Internationally, the scope and coverage of measuring household inflation varies across countries in two important ways:

  1. The treatment of owner-occupied housing
  2. Availability of measures of consumer price change for groups of households.

In both these aspects the New Zealand approach is most similar to Australia. We use the same ‘acquisitions’ approach to owner-occupied housing in our CPIs. This tracks the cost of purchasing new dwellings (excluding land), and is aligned with a principle use of the CPI for monetary policy purposes.

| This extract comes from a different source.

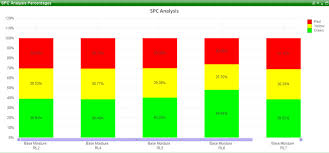 Solved Calculated Percentage In Bar Chart Qlik Community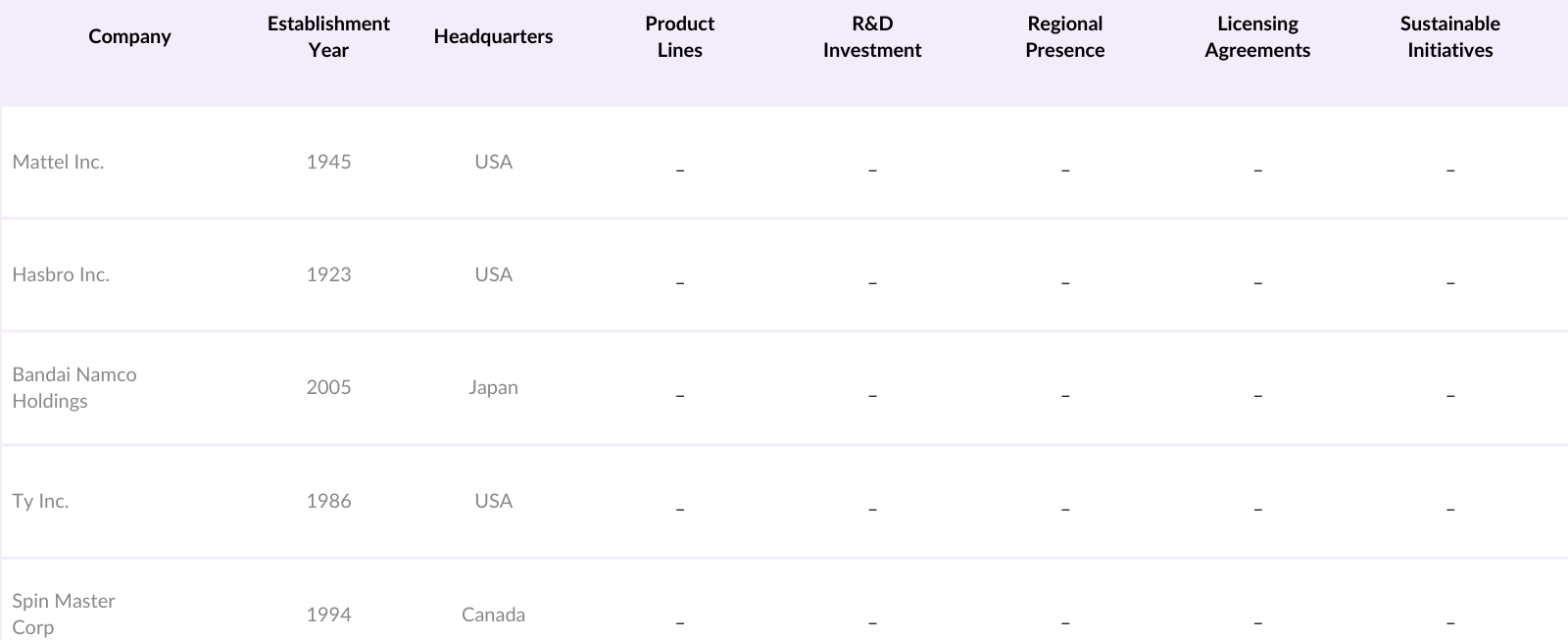 Asia Pacific Stuffed Animal and Plush Toys Market Competitive Landscape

The HLPIs are conceptually very similar to the Selected Living Cost Indexes (SLCIs) produced in Australia (Australian Bureau of Statistics, 2016). Both sets of living-costs price indexes use the ‘payment’ approach, which uses interest payments to capture owner-occupied housing costs. This makes the indexes conceptually suited to indexation of monetary payments.

The household-groupings used in Australia, for SLCIs, are:

  1. Employee
  2. Self-funded retiree
  3. Age pensioner
  4. Other government transfer recipient
  5. Pensioner and beneficiary (combining groups 3 and 4).

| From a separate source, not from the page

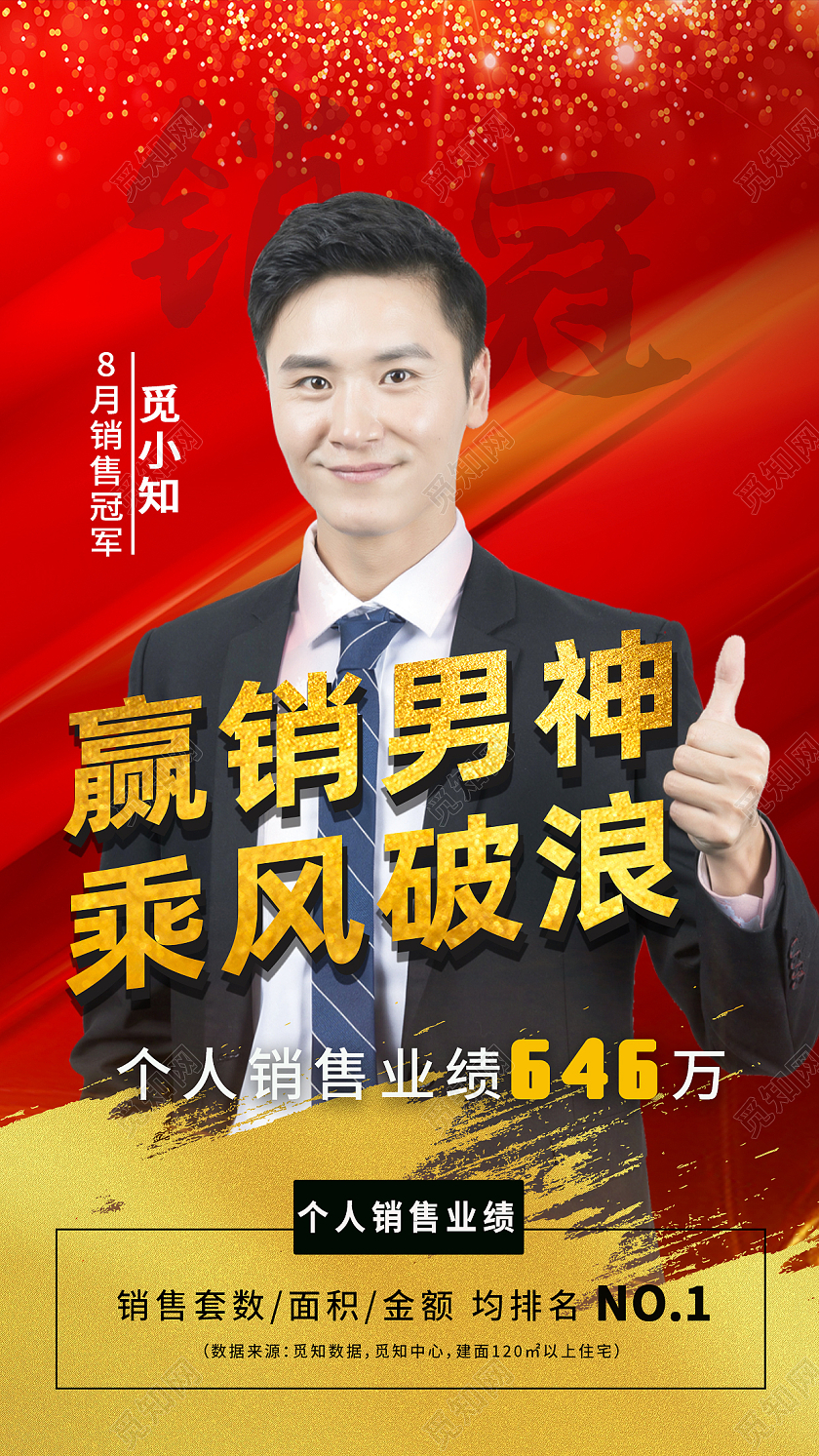 红色简约大气销售冠军营销喜报手机宣传海报销冠手机宣传海报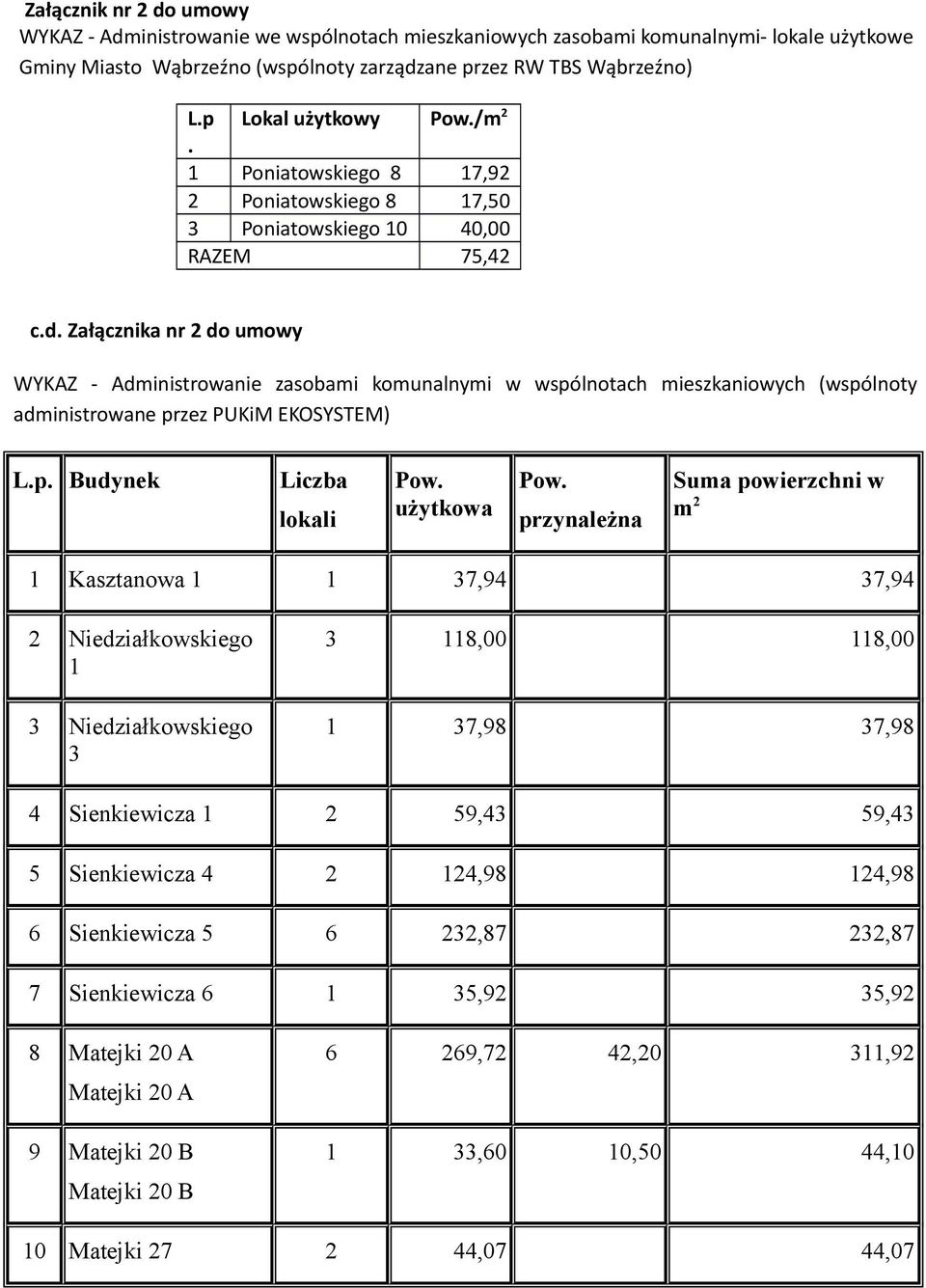 Załącznika nr 2 do umowy WYKAZ - Administrowanie zasobami komunalnymi w wspólnotach mieszkaniowych (wspólnoty administrowane przez PUKiM EKOSYSTEM) L.p. Budynek Liczba lokali Pow. użytkowa Pow.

The aggregation method we use for the HLPIs is a notable difference from the Australian SLCIs. The HLPIs use an unweighted average of the expenditure proportions for each household (‘democratic weighting’). This approach, chosen following public consultation (Statistics NZ, 2016), better reflects the inflation experienced by a ‘typical’ household within each household-group. The use of this approach, and analysis of the impact, was tabled at the joint United Nations Economic Commission for Europe/International Labour Organisation 2016 Meeting of the Group of Experts on Consumer Price Indices. The paper Household-group inflation: methods to combine expenditure patterns (Bentley, 2016) includes details on the approaches used in several other countries.